Often, one thinks of the binding within a `let' expression as
somehow secondary to the `primary' work of a function. But in this
case, what you might consider the `primary' job of the function,
counting words, is done within the `let' expression.
Using `let', the function definition looks like this:
(defun count-words-region (beginning end)
"Print number of words in the region."
(interactive "r")
;;; 1. Set up appropriate conditions.
(message "Counting words in region ... ")
(save-excursion
(goto-char beginning)
;;; 2. Count the words.
(let ((count (recursive-count-words end)))
;;; 3. Send a message to the user.
(cond ((zerop count)
(message
"The region does NOT have any words."))
((= 1 count)
(message
"The region has 1 word."))
(t
(message
"The region has %d words." count))))))
Next, we need to write the recursive counting function.
A recursive function has at least three parts: the `do-again-test',
the `next-step-expression', and the recursive call.
The do-again-test determines whether the function will or will not be
called again. Since we are counting words in a region and can use a
function that moves point forward for every word, the do-again-test can
check whether point is still within the region. The do-again-test
should find the value of point and determine whether point is before,
at, or after the value of the end of the region. We can use the
`point' function to locate point. Clearly, we must pass the value of
the end of the region to the recursive counting function as an argument.
In addition, the do-again-test should also test whether the search
finds a word. If it does not, the function should not call itself
again.
The next-step-expression changes a value so that when the recursive
function is supposed to stop calling itself, it stops. More precisely,
the next-step-expression changes a value so that at the right time, the
do-again-test stops the recursive function from calling itself again.
In this case, the next-step-expression can be the expression that moves
point forward, word by word.
The third part of a recursive function is the recursive call.

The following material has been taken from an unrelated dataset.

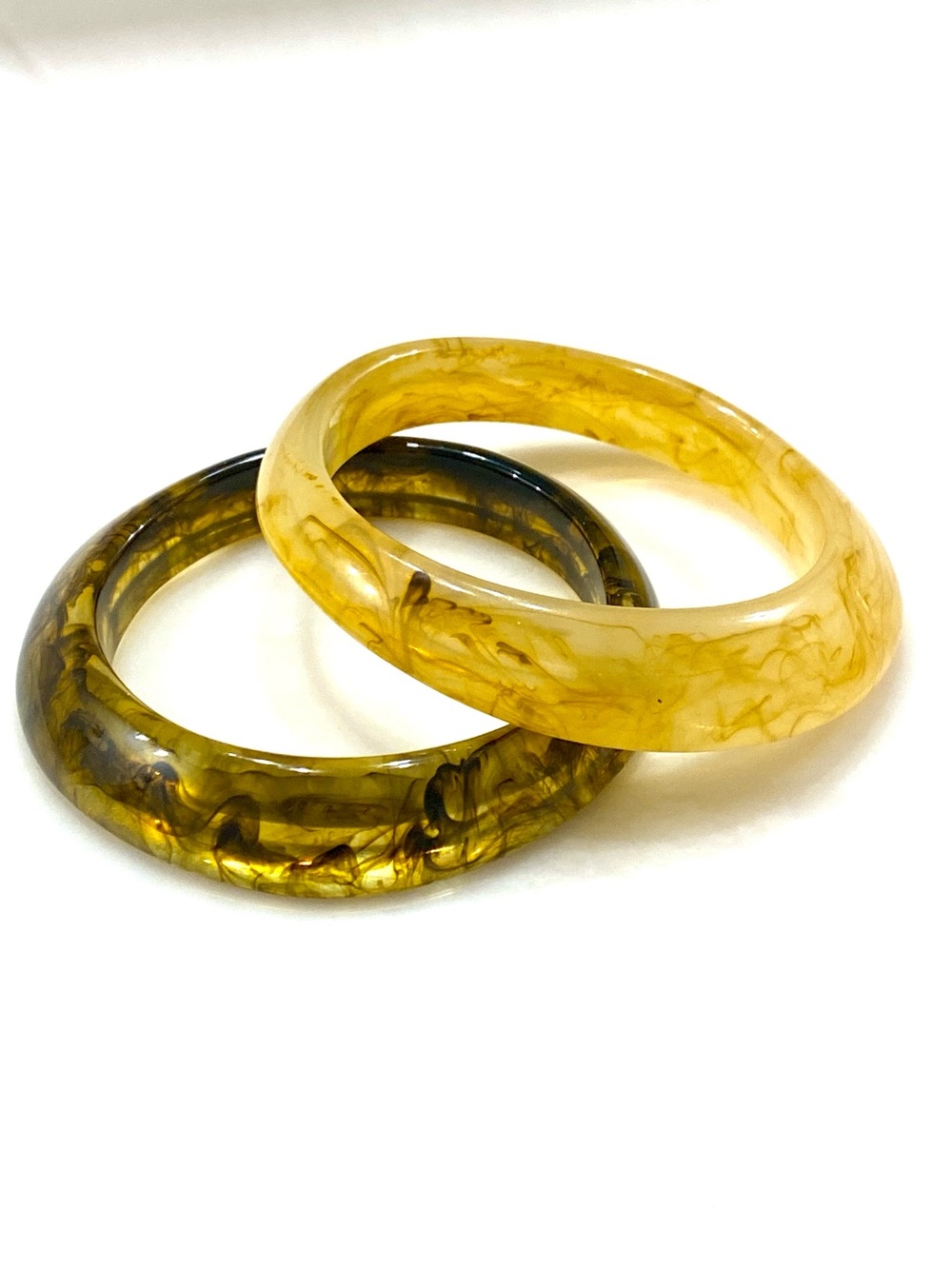 Denis & Charles RUSH Marbled Resin Bangle Set Tortoiseshell Honey Amber Bracelet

Somewhere, also, we also need a part that does the `work' of the
function, a part that does the counting. A vital part!
But already, we have an outline of the recursive counting function:
(defun recursive-count-words (region-end)
"DOCUMENTATION..."
DO-AGAIN-TEST
NEXT-STEP-EXPRESSION
RECURSIVE CALL)
Now we need to fill in the slots. Let's start with the simplest
cases first: if point is at or beyond the end of the region, there
cannot be any words in the region, so the function should return zero.
Likewise, if the search fails, there are no words to count, so the
function should return zero.
On the other hand, if point is within the region and the search
succeeds, the function should call itself again.
Thus, the do-again-test should look like this:
(and (< (point) region-end)
(re-search-forward "\\w+\\W*" region-end t))
Note that the search expression is part of the do-again-test--the
function returns `t' if its search succeeds and `nil' if it fails.
(*Note The Whitespace Bug in `count-words-region': Whitespace Bug, for
an explanation of how `re-search-forward' works.)
The do-again-test is the true-or-false test of an `if' clause.
Clearly, if the do-again-test succeeds, the then-part of the `if'
clause should call the function again; but if it fails, the else-part
should return zero since either point is outside the region or the
search failed because there were no words to find.
But before considering the recursive call, we need to consider the
next-step-expression. What is it? Interestingly, it is the search
part of the do-again-test.
In addition to returning `t' or `nil' for the do-again-test,
`re-search-forward' moves point forward as a side effect of a
successful search. This is the action that changes the value of point
so that the recursive function stops calling itself when point
completes its movement through the region. Consequently, the
`re-search-forward' expression is the next-step-expression.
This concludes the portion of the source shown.